▸ Work to complete
The material below holds the lines to copy: from the one with "Жағажайдағы душ кабинасындағы жасырын камера" up to and including the one with "2022 Maserati Levante - Image 3 of 11". Copy them exactly and skip the pictures.
Listed entries START
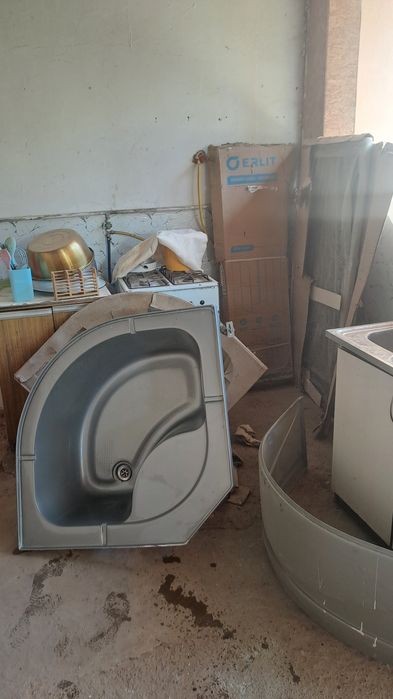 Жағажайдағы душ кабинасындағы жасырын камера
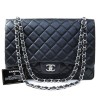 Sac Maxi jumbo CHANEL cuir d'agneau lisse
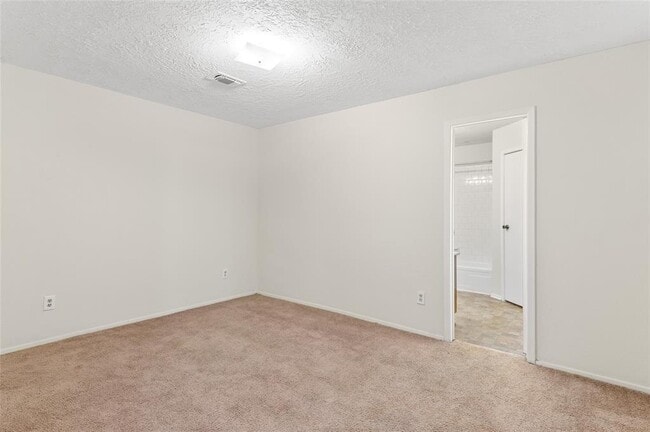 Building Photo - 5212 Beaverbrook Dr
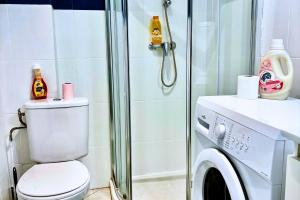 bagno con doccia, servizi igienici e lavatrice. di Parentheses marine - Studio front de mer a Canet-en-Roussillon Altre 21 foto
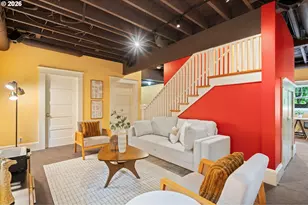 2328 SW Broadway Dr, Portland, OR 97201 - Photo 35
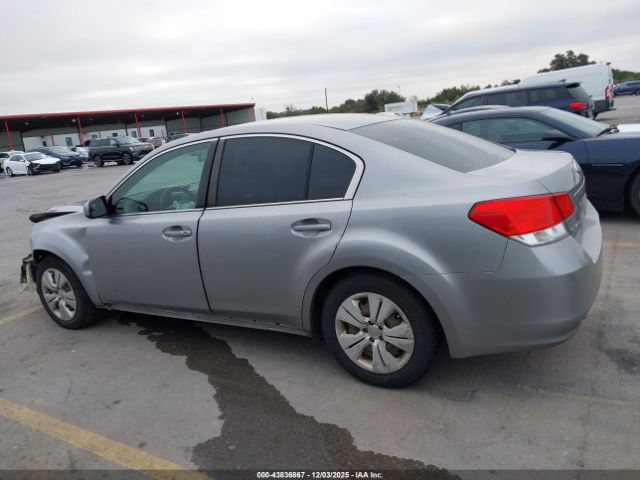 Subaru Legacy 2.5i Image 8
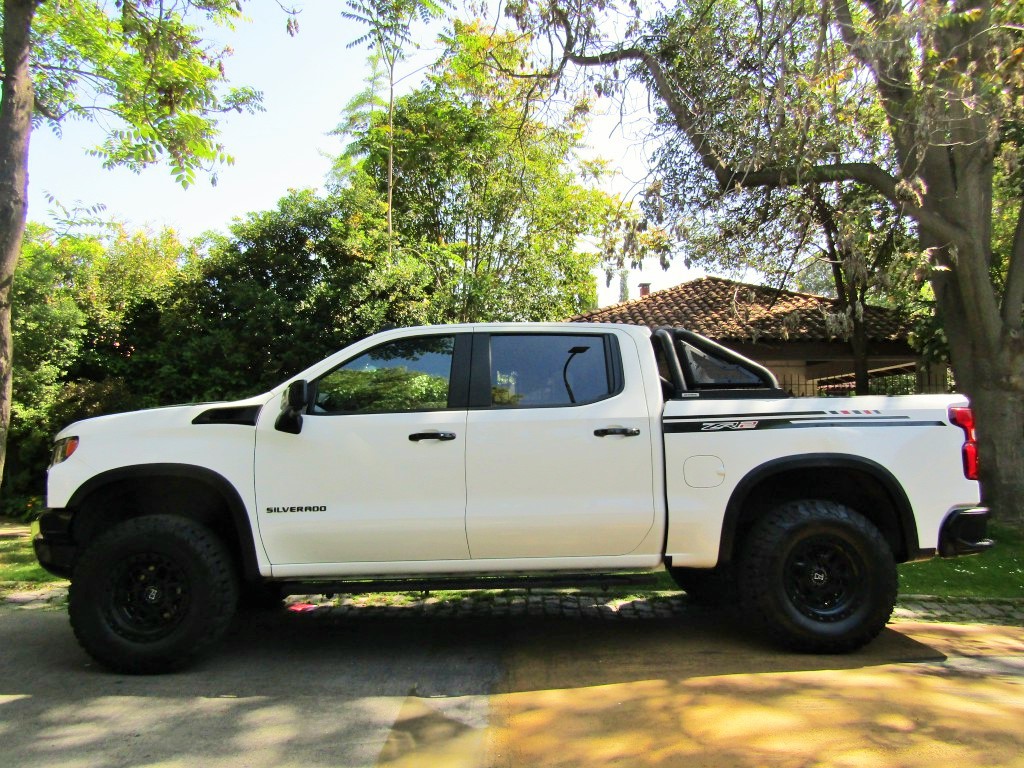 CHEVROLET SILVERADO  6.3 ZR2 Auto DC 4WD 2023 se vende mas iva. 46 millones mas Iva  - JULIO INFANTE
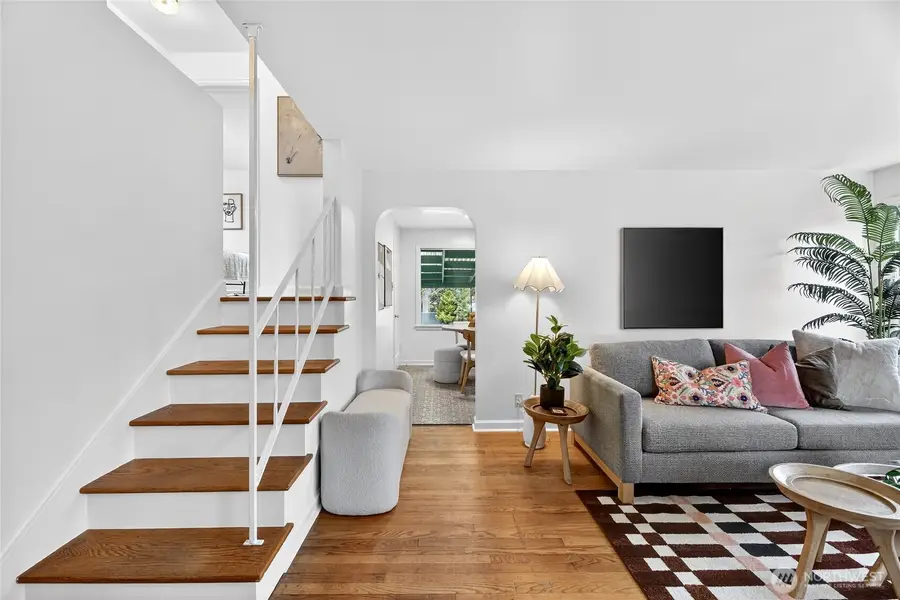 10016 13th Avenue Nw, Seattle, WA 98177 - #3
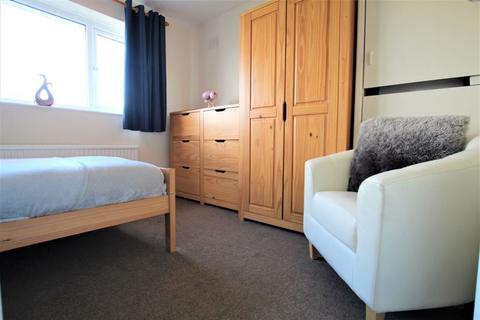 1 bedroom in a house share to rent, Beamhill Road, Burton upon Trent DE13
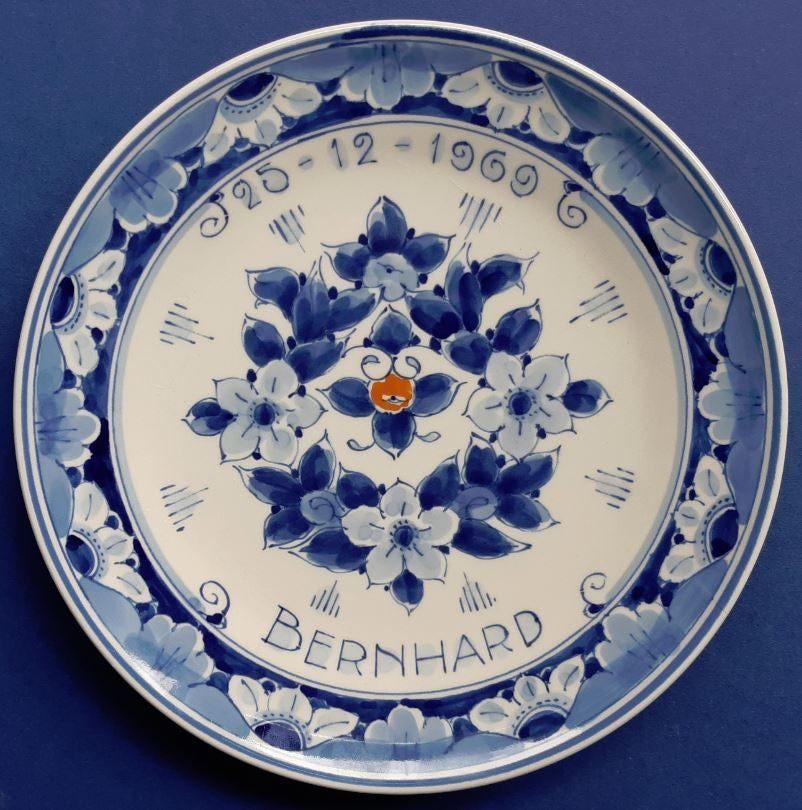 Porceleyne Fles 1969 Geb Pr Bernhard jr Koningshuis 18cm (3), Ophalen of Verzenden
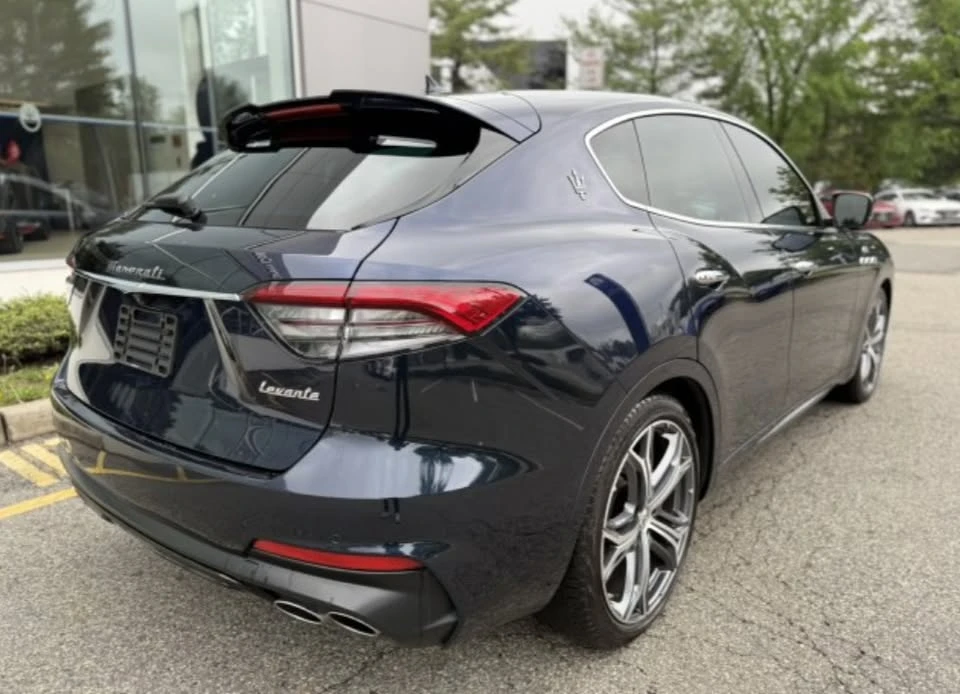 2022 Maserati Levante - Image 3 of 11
Listed entries END
Listed entries START
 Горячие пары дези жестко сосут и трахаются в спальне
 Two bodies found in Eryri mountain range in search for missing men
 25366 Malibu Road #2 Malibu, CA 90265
Listed entries END
▸ Task answer
 Жағажайдағы душ кабинасындағы жасырын камера
 Sac Maxi jumbo CHANEL cuir d'agneau lisse
 Building Photo - 5212 Beaverbrook Dr
 bagno con doccia, servizi igienici e lavatrice. di Parentheses marine - Studio front de mer a Canet-en-Roussillon Altre 21 foto
 2328 SW Broadway Dr, Portland, OR 97201 - Photo 35
 Subaru Legacy 2.5i Image 8
 CHEVROLET SILVERADO  6.3 ZR2 Auto DC 4WD 2023 se vende mas iva. 46 millones mas Iva  - JULIO INFANTE
 10016 13th Avenue Nw, Seattle, WA 98177 - #3
 1 bedroom in a house share to rent, Beamhill Road, Burton upon Trent DE13
 Porceleyne Fles 1969 Geb Pr Bernhard jr Koningshuis 18cm (3), Ophalen of Verzenden
 2022 Maserati Levante - Image 3 of 11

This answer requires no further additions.